▶ **Source material**
--- START ---
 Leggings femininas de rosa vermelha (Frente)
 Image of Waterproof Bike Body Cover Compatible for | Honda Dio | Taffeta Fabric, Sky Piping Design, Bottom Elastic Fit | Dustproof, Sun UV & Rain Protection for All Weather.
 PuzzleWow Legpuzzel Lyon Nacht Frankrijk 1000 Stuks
--- END ---
▶ **What the exercise asks**
Please output every line shown above exactly.

▶ **Exercise output**
 Leggings femininas de rosa vermelha (Frente)
 Image of Waterproof Bike Body Cover Compatible for | Honda Dio | Taffeta Fabric, Sky Piping Design, Bottom Elastic Fit | Dustproof, Sun UV & Rain Protection for All Weather.
 PuzzleWow Legpuzzel Lyon Nacht Frankrijk 1000 Stuks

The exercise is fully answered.